### RECORDS SHOWN
::::::::::

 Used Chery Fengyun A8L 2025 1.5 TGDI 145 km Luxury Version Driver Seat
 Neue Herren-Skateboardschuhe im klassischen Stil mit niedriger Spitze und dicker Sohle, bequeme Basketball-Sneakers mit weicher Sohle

::::::::::

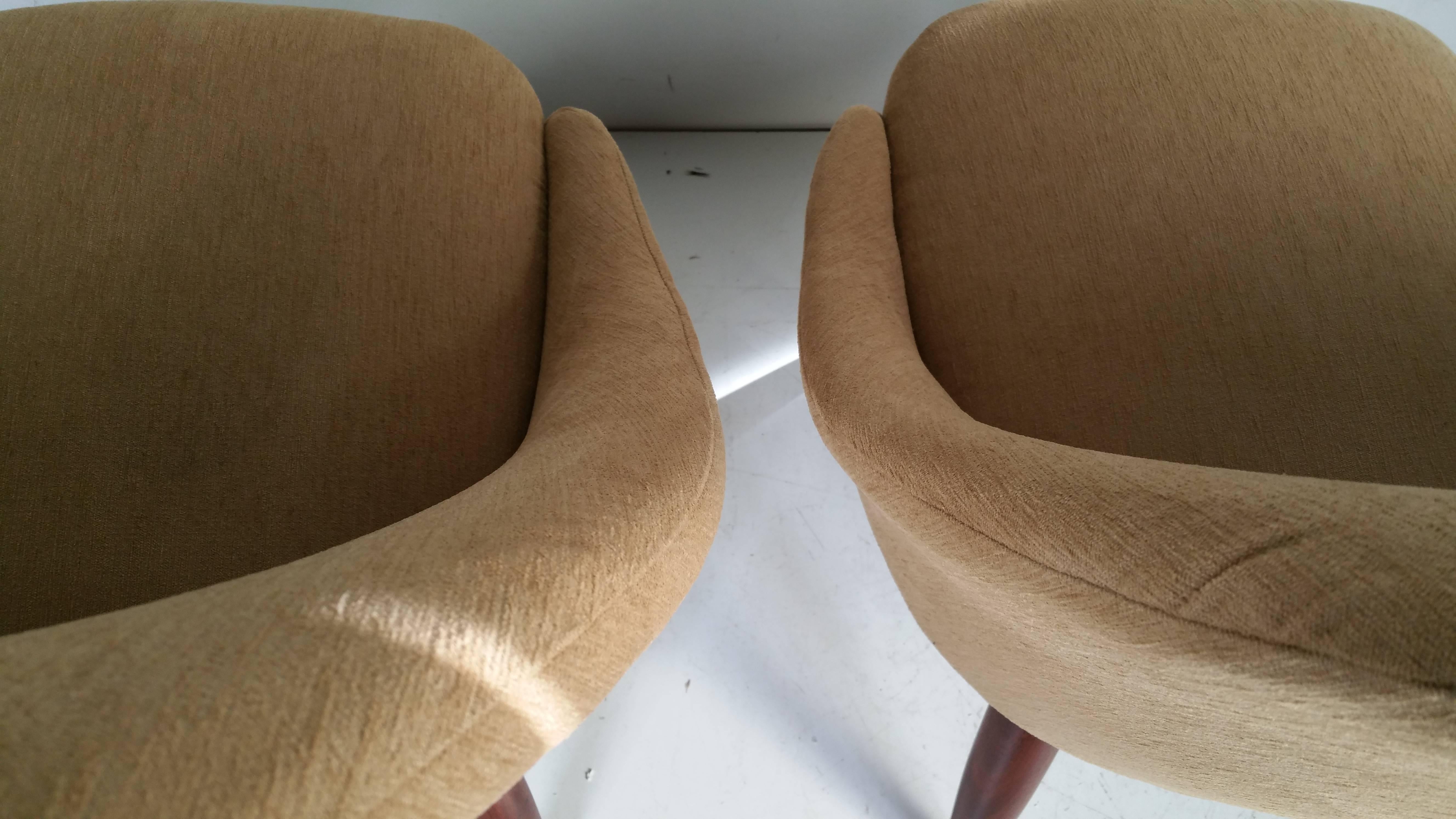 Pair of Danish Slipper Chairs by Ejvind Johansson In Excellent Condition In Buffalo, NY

::::::::::

From the listing above, the lines starting with the one that has "Used Chery Fengyun" and running through the one that has "Neue Herren-Skateboardschuhe im" should be copied exactly, ends included.

 Used Chery Fengyun A8L 2025 1.5 TGDI 145 km Luxury Version Driver Seat
 Neue Herren-Skateboardschuhe im klassischen Stil mit niedriger Spitze und dicker Sohle, bequeme Basketball-Sneakers mit weicher Sohle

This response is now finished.